## Exercise brief:
Your copy must hold all of the data below, unchanged and without images.

## Supplied information:

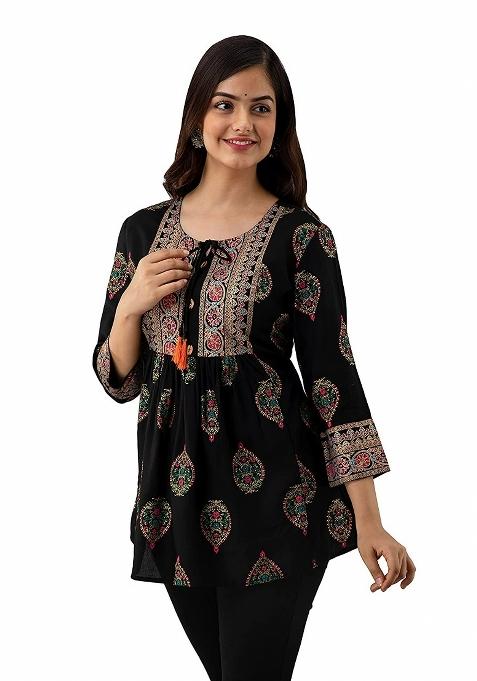 Black Printed Rayon Top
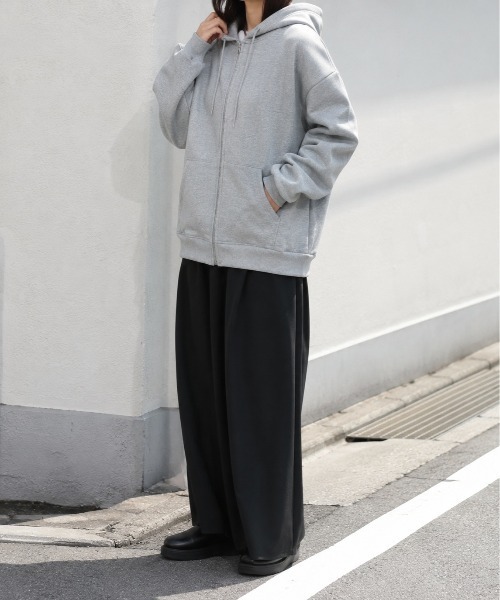 Mku Ekta（ムクエクタ）の「裏起毛ジップアップパーカー（パーカー・レディース・グレー/ブラック・M/L）」の3枚目の写真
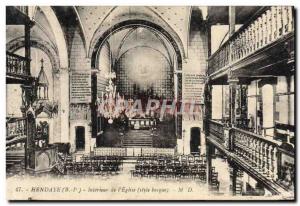 Old Postcard Hendaye Interior L & # 39Eglise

## Response area:
 Black Printed Rayon Top
 Mku Ekta（ムクエクタ）の「裏起毛ジップアップパーカー（パーカー・レディース・グレー/ブラック・M/L）」の3枚目の写真
 Old Postcard Hendaye Interior L & # 39Eglise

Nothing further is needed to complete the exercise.